Short web captions:
· · · ·

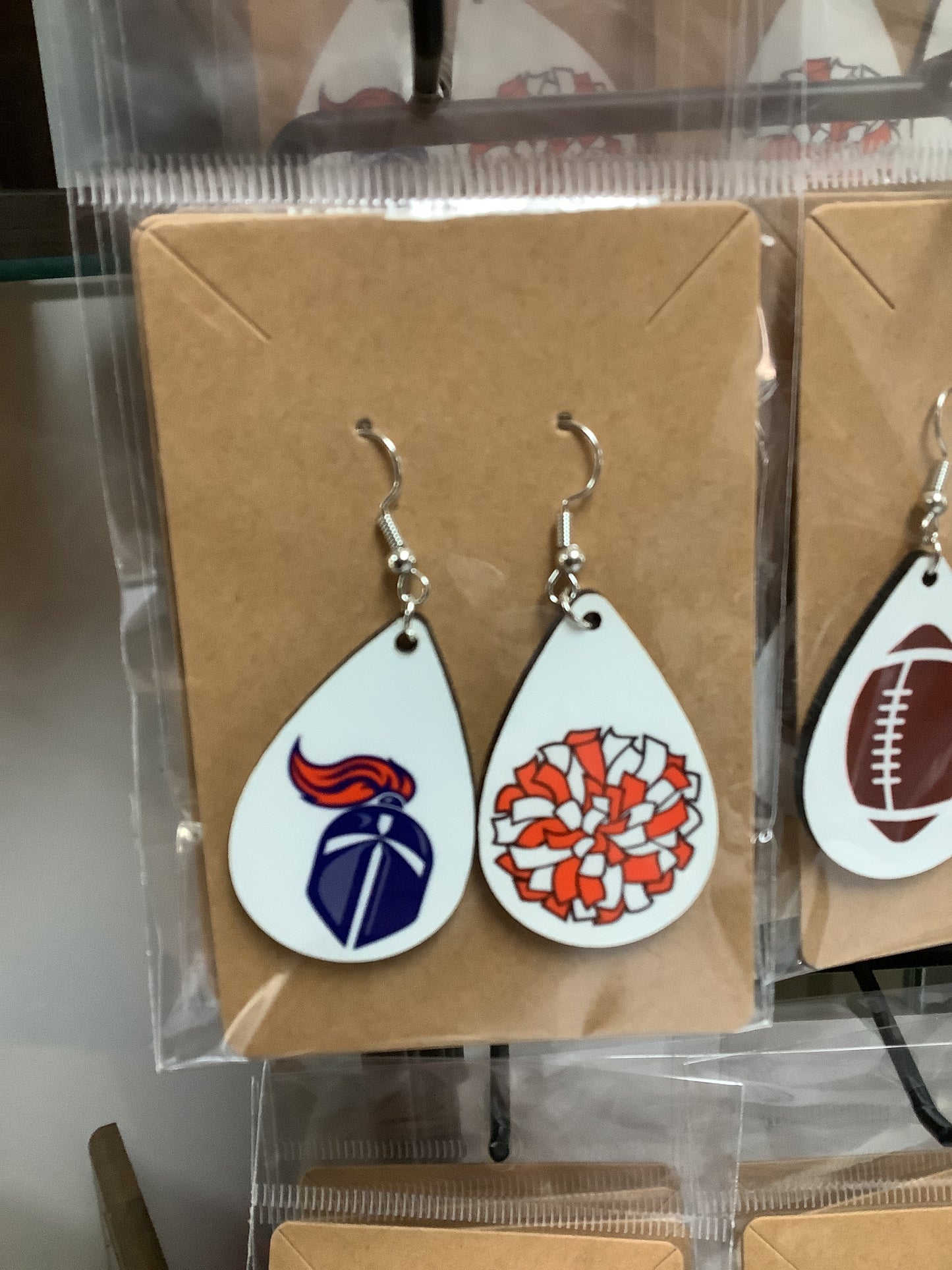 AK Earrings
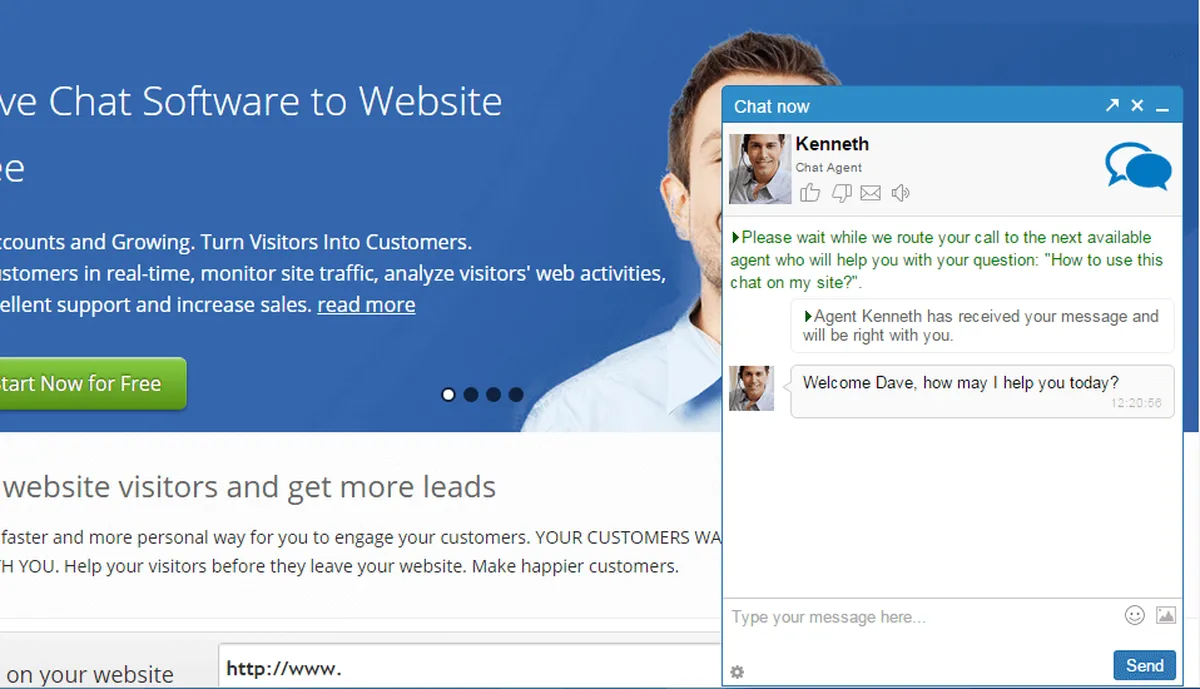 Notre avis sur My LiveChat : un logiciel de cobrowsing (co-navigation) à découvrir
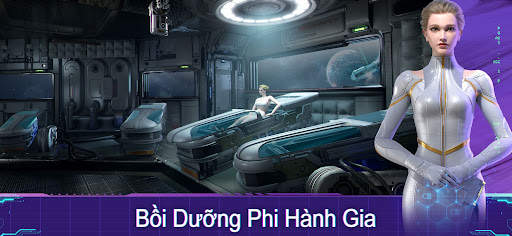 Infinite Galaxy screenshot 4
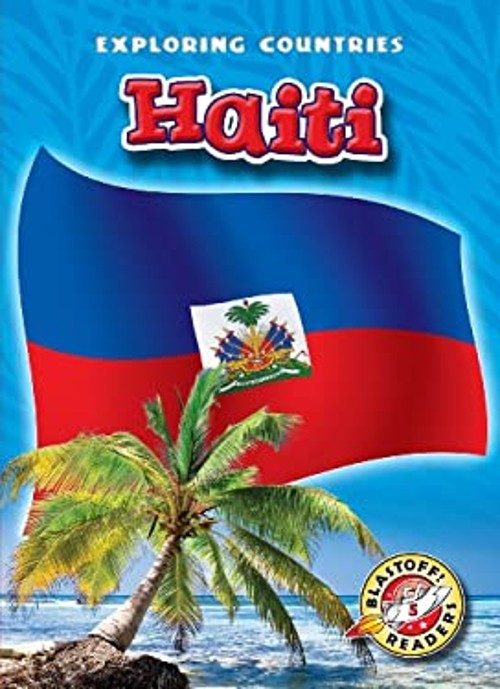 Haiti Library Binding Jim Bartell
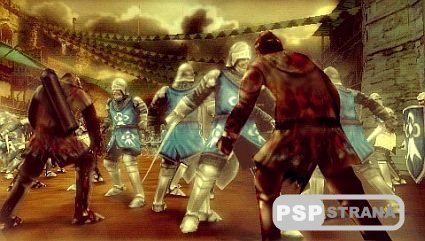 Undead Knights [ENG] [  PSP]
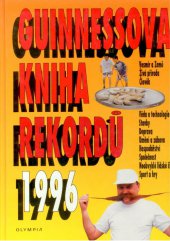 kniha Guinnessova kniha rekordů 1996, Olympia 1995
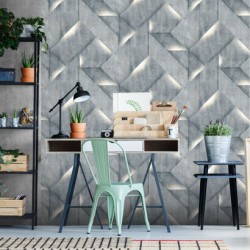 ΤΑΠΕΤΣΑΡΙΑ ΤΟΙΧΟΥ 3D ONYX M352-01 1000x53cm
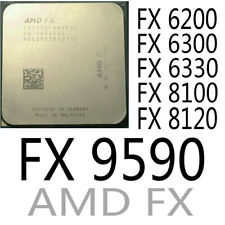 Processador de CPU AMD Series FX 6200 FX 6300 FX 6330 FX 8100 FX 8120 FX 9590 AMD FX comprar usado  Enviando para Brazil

· · · ·

DESCRIPTION OF THE TASK: Start with the line that holds "Infinite Galaxy screenshot 4" and retype each line through the last one in the data, exactly and without pictures.

OUTPUT:
 Infinite Galaxy screenshot 4
 Haiti Library Binding Jim Bartell
 Undead Knights [ENG] [  PSP]
 kniha Guinnessova kniha rekordů 1996, Olympia 1995
 ΤΑΠΕΤΣΑΡΙΑ ΤΟΙΧΟΥ 3D ONYX M352-01 1000x53cm
 Processador de CPU AMD Series FX 6200 FX 6300 FX 6330 FX 8100 FX 8120 FX 9590 AMD FX comprar usado  Enviando para Brazil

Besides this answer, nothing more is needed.